Supergene Mineralisation
Escondida is characterised by a mature supergene profile with high kaolinite contents, which include a hematitic leaching layer, with an average thickness of ~ 200 m, but locally, can reach 400 m. This leaching zone is supported by a NW-trending enrichment zone that covers an area of 4.5 × 1.8 km with a maximum thickness of ~ 400 m. NW-trending faults, fractures, and veins intersecting the NW trend combined with higher hypogene copper contents appear to have been the main controls on both the shape and depth of the enrichment zone (Ojeda, 1986, 1990; Padilla-Garza et al., 2001). The zone is dominated by chalcocite-group minerals in its higher grade upper part with lower-grade covellite and hypogene sulphides remaining that become dominant at depth.
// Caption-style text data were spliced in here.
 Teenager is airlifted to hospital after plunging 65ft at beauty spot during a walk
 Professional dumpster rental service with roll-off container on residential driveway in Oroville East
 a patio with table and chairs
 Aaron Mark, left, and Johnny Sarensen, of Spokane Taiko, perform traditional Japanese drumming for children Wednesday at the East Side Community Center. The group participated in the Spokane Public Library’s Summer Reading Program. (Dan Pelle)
The supergene event is dated between ~ 18 to 14 Ma (Alpers and Brimhall, 1988) in supergene alunite at the limit of the leaching and enrichment zone.
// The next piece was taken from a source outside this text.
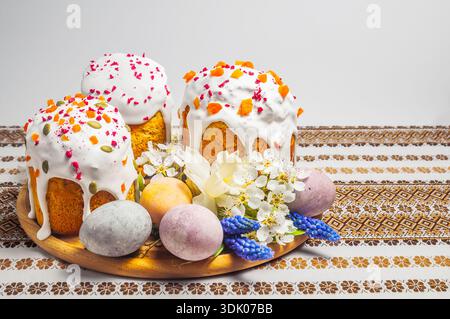 Traditioneller Osterkuchen mit Glasur, getrockneten Früchten und Samen sowie bemalten Eiern und Frühlingsblumen Stockfoto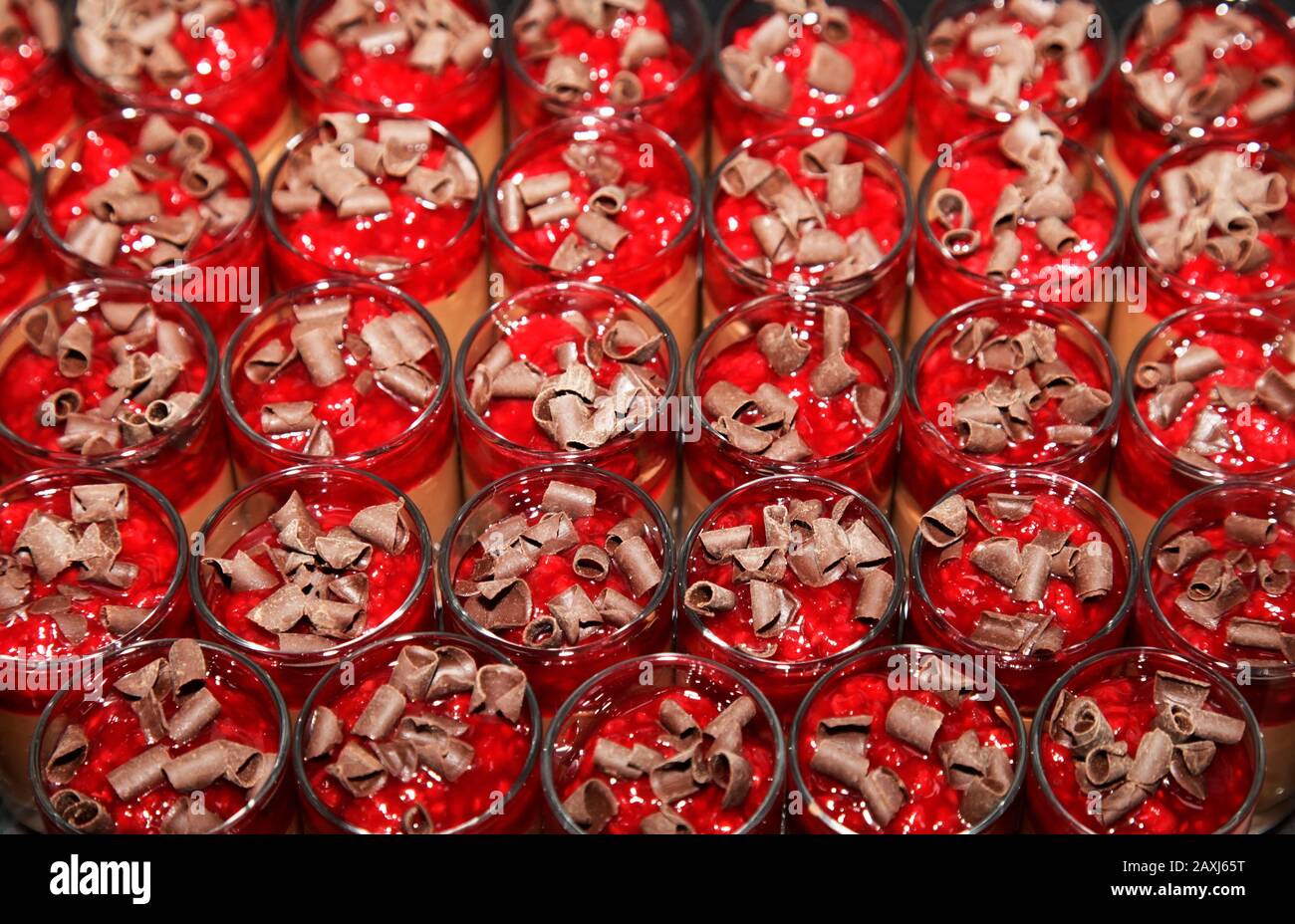 Mini-Desserts mit roter Mousse in kleinen Gläsern, mit Schokolade bestreut Stockfoto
Copper oxide mineralisation at Escondida is mainly found in andesitic volcanic rocks altered with biotite and chlorite-sericite in which brochantite and antlerite are the main minerals along with minor chrysocolla, atacamite, various copper phosphate minerals, cuprite, and native copper with the last two being concentrated in the upper part of the enrichment zone.
Escondida Norte Deposit
Alteration and Hypogene Mineralisation
Potassic alteration is present at depth throughout the deposit, with biotite-feldspar-K association in the felsic rocks and biotite and minor magnetite predominate in the andesitic volcanic rocks and diorites. The potassic alteration have biotite and magnetite veinlets and abundant feld-K and quartz-feldspar-K veinlets,the latter of A-type. Grey sericite veinlets overlie the potassic zone.
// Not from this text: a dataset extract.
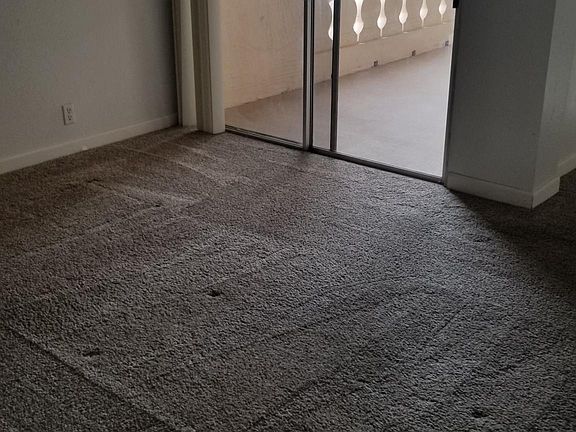 Den with sliding glass doors to balcony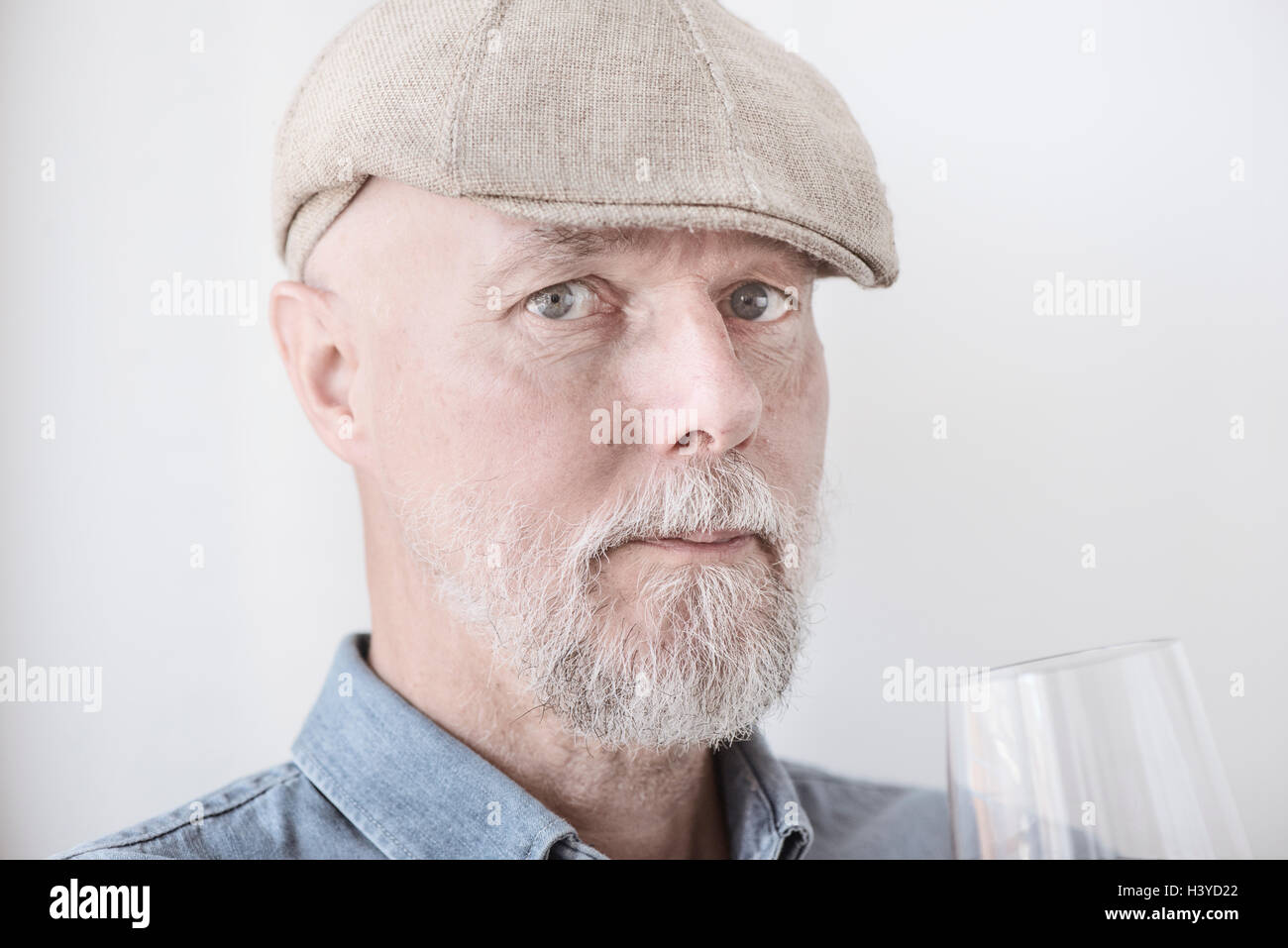 Il vecchio uomo in trattenimento tappo di vetro di vino. Guardando la fotocamera con espressione seria. Foto Stock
At shallower levels, the generalised alteration is chlorite-sericite, which is characterised by the occurrence of chlorite-sulphide veinlets overlaying and destroying the potassic association. This is covered by a sericitic zone, which is locally overlain by quartz-pyrophyllite ± alunite alteration, closely associated with the NW-directed high sulphidation vein zones. Most of the hypogene sulphide mineralisation at Escondida Norte consists of chalcopyrite and pyrite with the development of only localised centres of chalcopyrite - bornite ± chalcocite mineralisation in the potassic zone.
Supergene Mineralisation
A well-developed supergene profile is present at Escondida Norte, which include a leached hematitic surface, averaging 100 to 200 m (up to 350 m) thick, and a 20 to 250 m thick enrichment zone. The enrichment zone has a surface of 2 × 1.5 km, trending NE; it is divided into a high-grade, chalcocite-dominated upper zone (High Enriched), and a lower-grade basal part with covellite and lower chalcocite (Low Enriched). Supergene kaolinite is present throughout the zone and supergene alunite is dated to be ~ 17 to 14 Ma (Morales, 2009).
Copper oxide mineralisation is irregularly developed above the enrichment zone, mainly with antlerite and brochantite in the higher-grade central parts (Maturana and Saric, 1991; Monroy, 2000; Williams, 2003), and chrysocolla and atacamite peripherally.